Em discurso na véspera perante a mesma assembleia, Trump chamou de vergonhoso o acordo nuclear, firmado pelo ex-presidente Barack Obama, e disse que seu governo pode abandoná-lo se suspeitar que ele "proporciona cobertura para eventual construção de um programa nuclear".
"Francamente, esse acordo é uma vergonha para os Estados Unidos, e não acredito que os senhores tenham ouvido a minha última palavra a respeito", declarou Trump nesta terça-feira.

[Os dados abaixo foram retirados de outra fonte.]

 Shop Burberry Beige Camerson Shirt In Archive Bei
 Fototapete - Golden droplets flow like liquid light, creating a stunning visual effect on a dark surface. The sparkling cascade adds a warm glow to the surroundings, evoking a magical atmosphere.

O líder americano ainda pediu para que o Irã pare de "financiar o terrorismo", além de definir o país como uma "ditadura corrupta" que tenta desestabilizar o Oriente Médio. No dia seguinte, Rouhani também usou o termo "corrupto" para se referir a Trump, aparentemente de forma proposital.
"Seria uma grande pena se esse acordo [nuclear] fosse destruído por corruptos recém-chegados ao mundo político. O mundo perderia uma grande oportunidade", afirmou o iraniano em seu discurso na ONU nesta quarta-feira.
Rouhani destacou que o futuro do acordo, assinado ainda por outras cinco potências mundiais, não pode ser decidido por "um ou dois países". "Ao violar seus compromissos internacionais, a nova gestão americana só destrói sua própria credibilidade e mina a confiança internacional em negociar com o país ou aceitar sua palavra ou promessa", acrescentou.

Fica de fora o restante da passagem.